After receiving an honorary doctorate from Carleton, Nobel Peace Prize winner Muhammad Yunus told a packed audience that education, curiousity and selflessness are the driving forces behind his success in using small loans to curb poverty.
Foreign dignitaries, community members, international development leaders and Carleton staff, faculty, students and alumni were present to hear Yunus’ convocation address on Sept. 1, when he spoke about the need to rethink capitalism.
“We are so busy being selfish (in business), we’ve forgotten about the selfless part,” said Yunus.
Yunus’ interest in finding a solution to poverty began when he taught economics at a Bangladesh university and began noticing the terrible poverty around him.
“I realized these economic theories have no meaning in the lives of people outside the classroom,” he told the crowd.
Yunus started visiting villages in the 1970s to see how he could put his economics knowledge to use. In one village, he discovered that 42 people were in debt for only $27.
“Suddenly it came to my mind, I can solve this myself,” he said. “Why don’t I just give them the $27?”
These loans were the creation of the modern microcredit concept. Yunus continued arranging small loans for the poor with local banks, but saw increased hesitation from the institutions about working with poverty-stricken individuals.
“So I said, ‘Forget about the bank. Why don’t we set up a bank for ourselves?’” he recalled.
Founded in 1983, the Grameen Bank, started offering loans to the poor to help them set up small businesses. Twenty-seven years later, the borrower-owned bank has 8.3 million customers in Bangladesh alone, 97 per cent of them women.

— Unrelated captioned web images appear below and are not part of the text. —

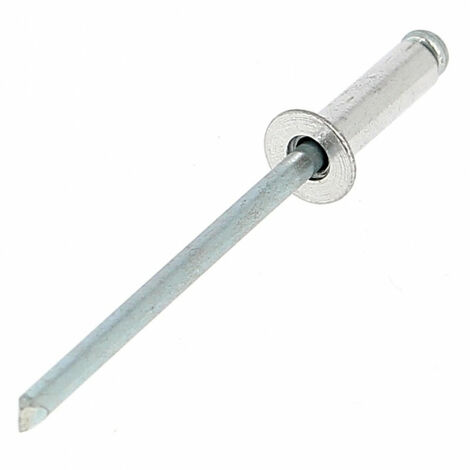 Rivet Aveugle TF 4X16 Alu/Acier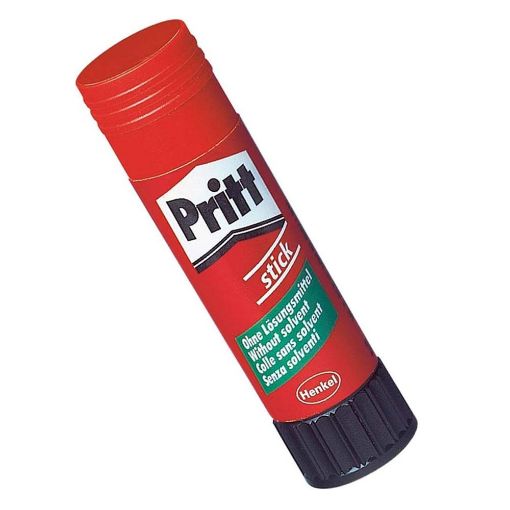 Εικόνα της Κόλλα Pritt Stick Χωρίς Διαλύτες 11gr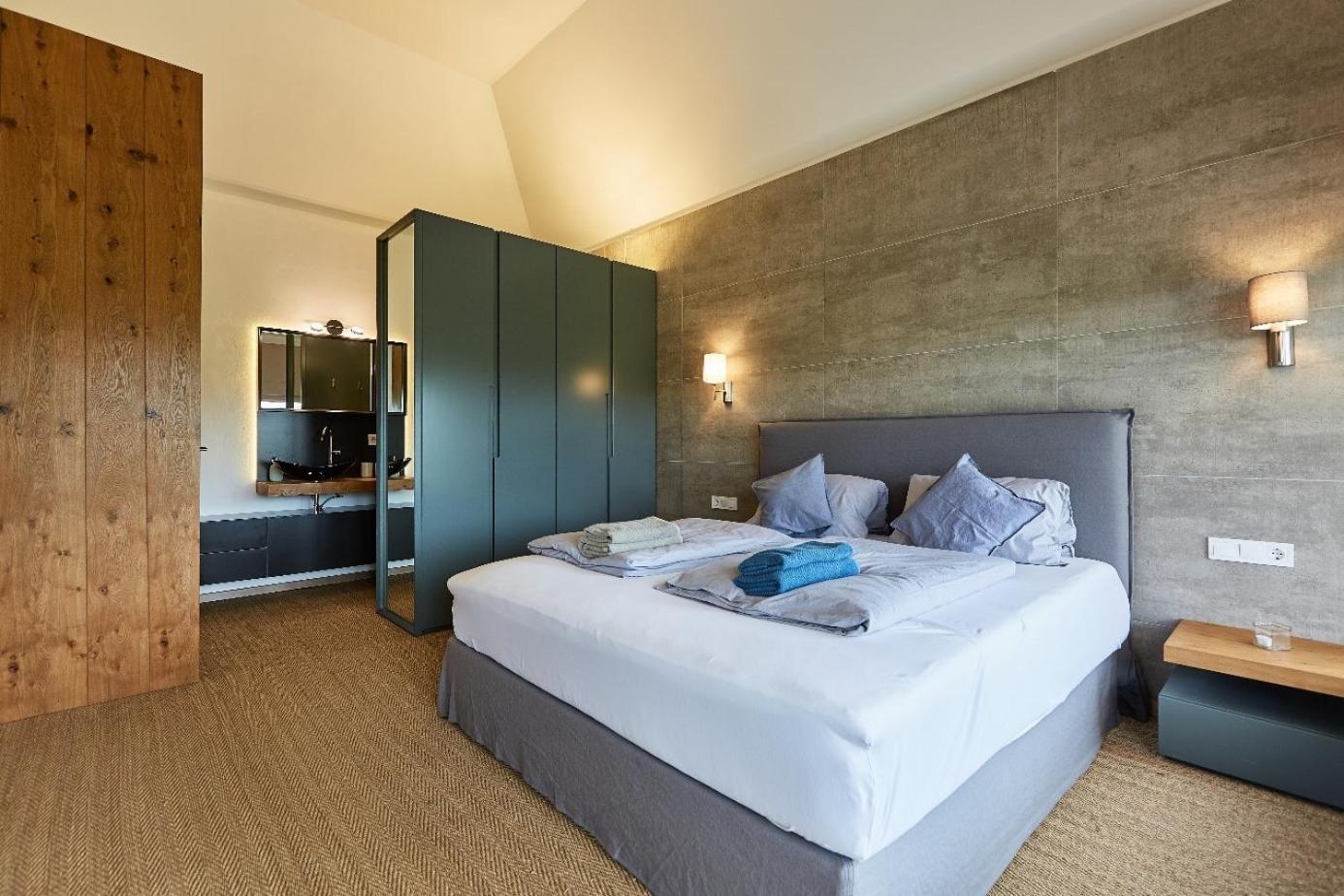 Deluxe Double Room - Photo 2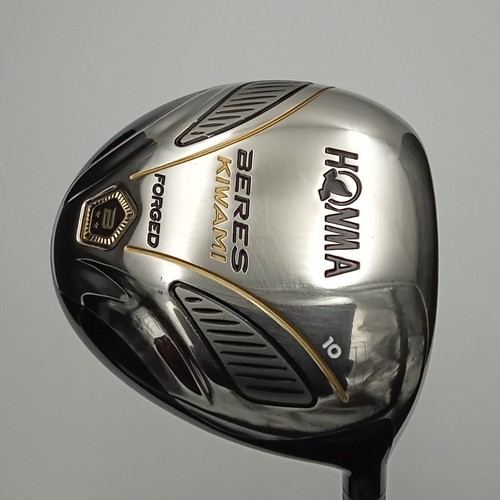 Honma golf beres kiwami driver - kiwami,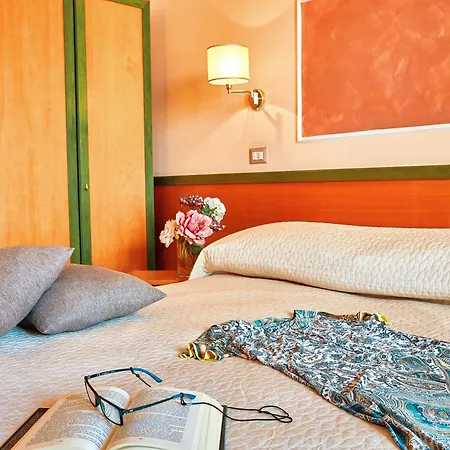 La Pergola Hotell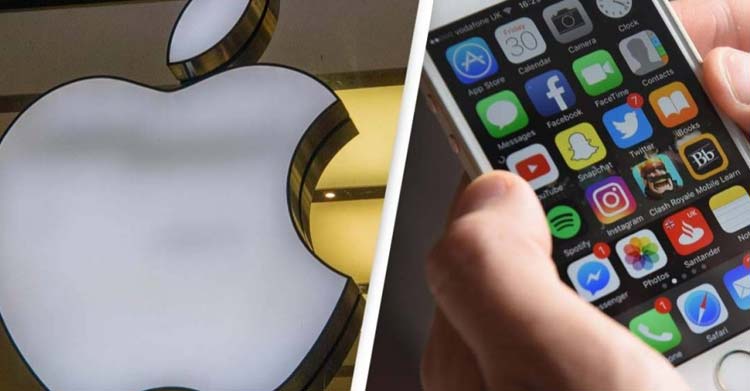 Apple’a ‘eski telefonları bilinçli yavaşlatma’ davası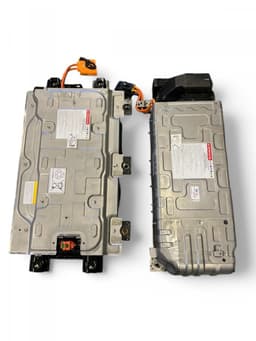 KIA 37504E6610 37505E6510 37503A8510 37503A8AS0 High voltage battery (EV, Hybrid) KIA OPTIMA IV (JF) (2015-2020) — thumbnail 6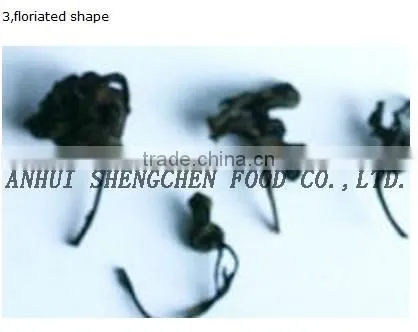 Chinese New Process Herbal Ku Ding Tea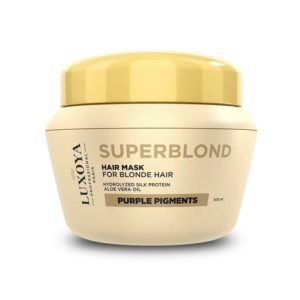 LUXOYA SUPERBLOND MASZK 500ML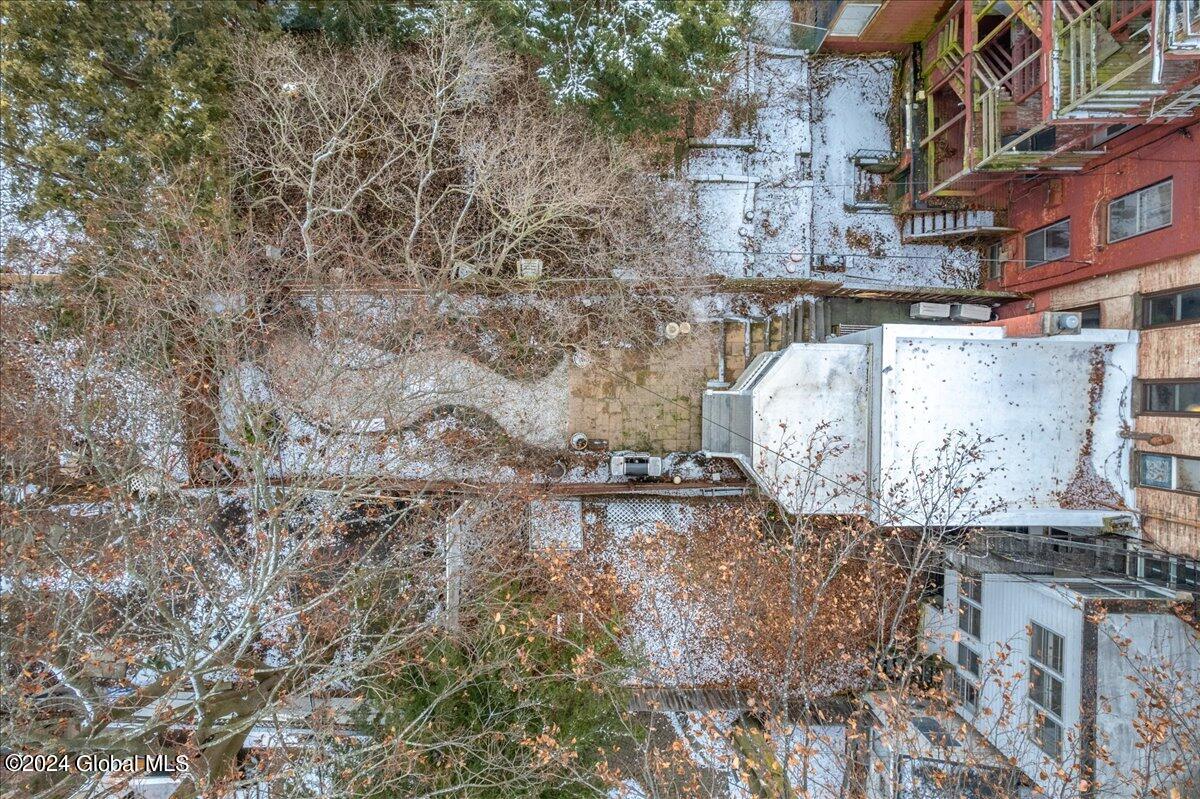 443 State Street Albany, NY 12203 - Photo 52 of 60 95-443 State St Drone-16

The Grameen Bank also gives education loans and Yunus spoke of the importance of a university education in eradicating poverty.
At the ceremony, Carleton President Roseanne O’Reilly Runte announced the creation of an annual 12-week internship with the Grameen Bank for a Carleton global politics student. Also starting this year, is a new concentration in international development management offered in the MBA program.

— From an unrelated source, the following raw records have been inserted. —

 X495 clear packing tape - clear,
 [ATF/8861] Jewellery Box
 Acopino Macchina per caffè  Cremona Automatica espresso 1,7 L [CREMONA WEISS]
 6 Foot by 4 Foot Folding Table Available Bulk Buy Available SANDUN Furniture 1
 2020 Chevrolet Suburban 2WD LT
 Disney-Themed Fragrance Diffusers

Sonja Bata, chairman of the Batawa Development Corporation who was in attendance for the ceremony, said she admires Carleton’s commitment to providing students with a unique and international experience.

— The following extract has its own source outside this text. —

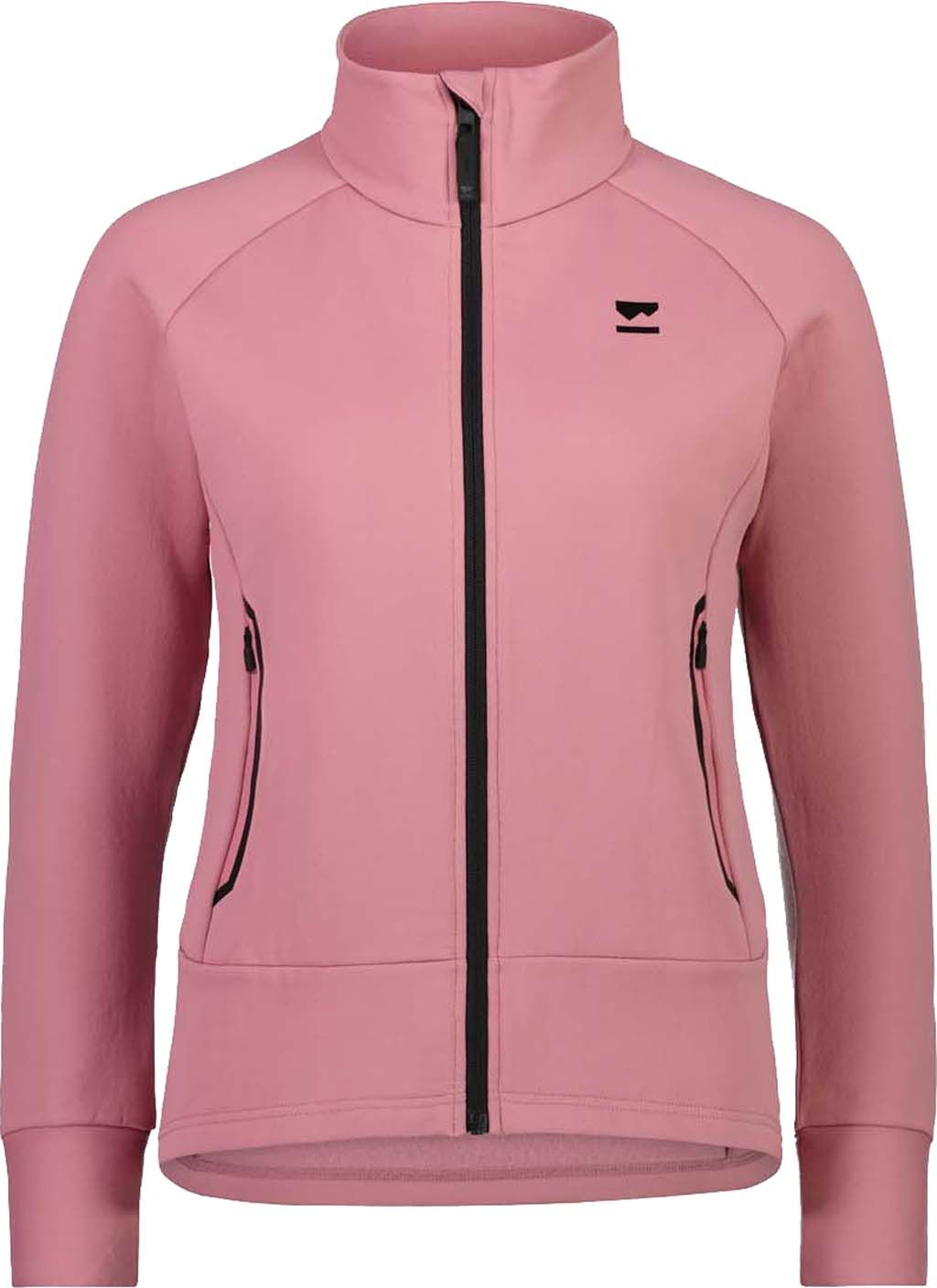 Nevis Merino Fleece Jacket - Women's|-|Manteau polaire en mérinos Nevis - Femme sold by The Last Hunt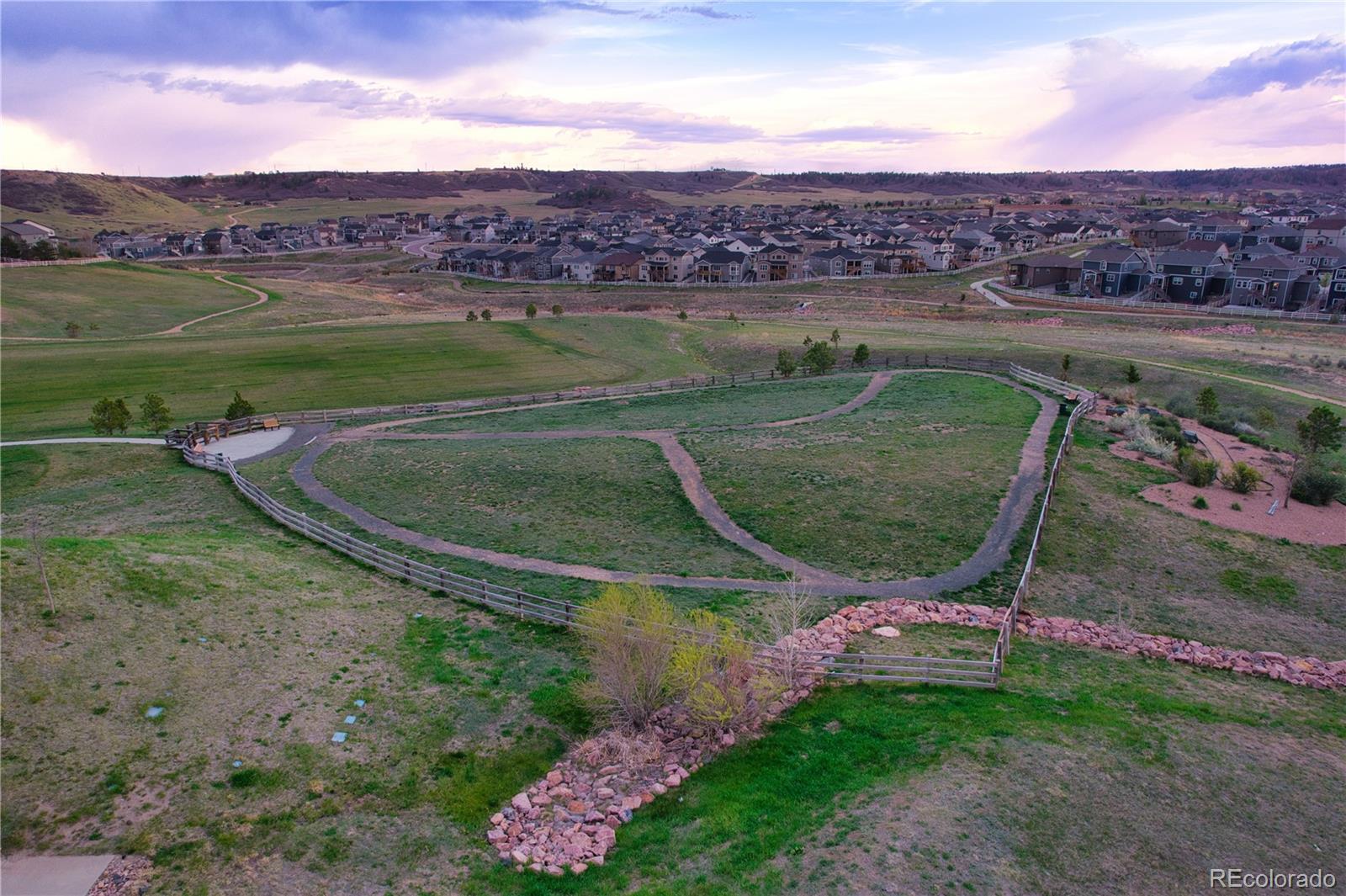 MLS Image #42 for 5311  blue lunar lane,castle rock, Colorado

“We have to become socially responsible and it’s up to the younger generation to change and find new, innovative ways of serving society,” said Bata.
Carleton student Andrew Foote was also inspired by Yunus’ words.
“It’s just neat to hear someone talk who’s so valued for an idea that he came up with so long ago, and who is still coming up with ideas and innovations today,” he said.
The honorary degree ceremony was one of several events Yunus participated in on campus. He also spoke with graduate students and faculty at a dialogue hosted by the Sprott School of Business and the Sprott Centre for Social Enterprise (SCSE-CSES).
“His work is contagious,” said Francois Brouard, director of SCSE-CSES. “It’s important he was here because the more people who hear about his work, the better it will be for the community and the world.”
Meanwhile, Yunus closed his convocation address on a hopeful note, saying he would like to see the end of huge bank profits, dubious loan centres and pawn shops, in favour of socially responsible business.
“We should make poverty museums,” he said, prompting cheers from the audience.